Los dos sacerdotes, el sacristán y el monaguillo tributaron al difunto las plegarias que se pueden obtener por setenta francos en una época en que la religión no es lo bastante rica como para rezar de balde. El clero cantó un salmo, el Libera y el De Profundis. La ceremonia duró veinte minutos, y al terminar, sólo había un coche para el sacerdote y el monaguillo, que consiguieron en recibir consigo a Eugenio y a Cristóbal.

-Como no hay comitiva y son ya las cinco y media, podremos ir más rápido para no retrasarnos.

Sin embargo, en el momento en que el cuerpo fue colocado de nuevo en el coche fúnebre, dos coches cuyas portezuelas ostentaban las armas de la nobleza, pero que estaban vacíos, el del conde de Restaud y el del barón de Nucingen, se presentaron y siguieron al cortejo hasta el cementerio de Père Lachaise. A las seis, el cuerpo de papá Goriot fue colocado en su fosa, alrededor de la cual cual estaban los criados de sus hijas, los que desaparecieron junto con el clero tan pronto como este pronunció una corta plegaria pagada con el dinero del estudiante. Una vez que los dos enterradores hubieron arrojado algunas paletadas de tierra sobre el ataúd para enterrarlo, se irguieron, y uno de ellos, dirigiéndose a Rastignac, le pidió la propina. Eugenio echó mano al bolsillo, lo encontró vacío y se vio obligado a pedirle un franco prestado a Cristóbal. Este hecho, tan sencillo en sí mismo, determinó a Eugenio un horrible acceso de tristeza.
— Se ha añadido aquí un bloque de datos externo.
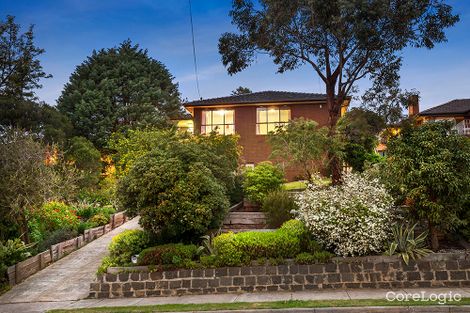 Property photo of 387 Mascoma Street Strathmore Heights VIC 3041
El día empezaba a declinar, un crepúsculo húmedo excitaba los nervios. Eugenio contempló la tumba y sepultó en ella su última lágrima de joven, esa lágrima arrancada por las santas emociones de un corazón puro, una de esas lágrimas que, desde la tierra donde caen, rebotan hasta los cielos. Después se cruzó de brazos y contempló las nubes. Al verlo de este modo, Cristóbal se decidió a dejarlo.

Una vez solo, Rastignac dio algunos pasos hacia la parte alta del cementerio, y desde allí contempló París tortuosamente extendida a lo largo de las dos orillas del Sena, a la hora en que comenzaban a brillar las luces. Sus ojos se fijaron casi con avidez en la columna de la plaza de Vendôme y los Inválidos, allí donde vivía aquel hermoso mundo que tanto había deseado frecuentar. Dirigió a aquella bulliciosa colmena una mirada con la cual parecía absorber de antemano su miel, y dijo estas grandiosas palabras:

-¡Ahora nos veremos!

Y como el primer acto de su reto que lanzaba a la Sociedad, Rastignac se fue a comer a casa de la señora de Nucingen.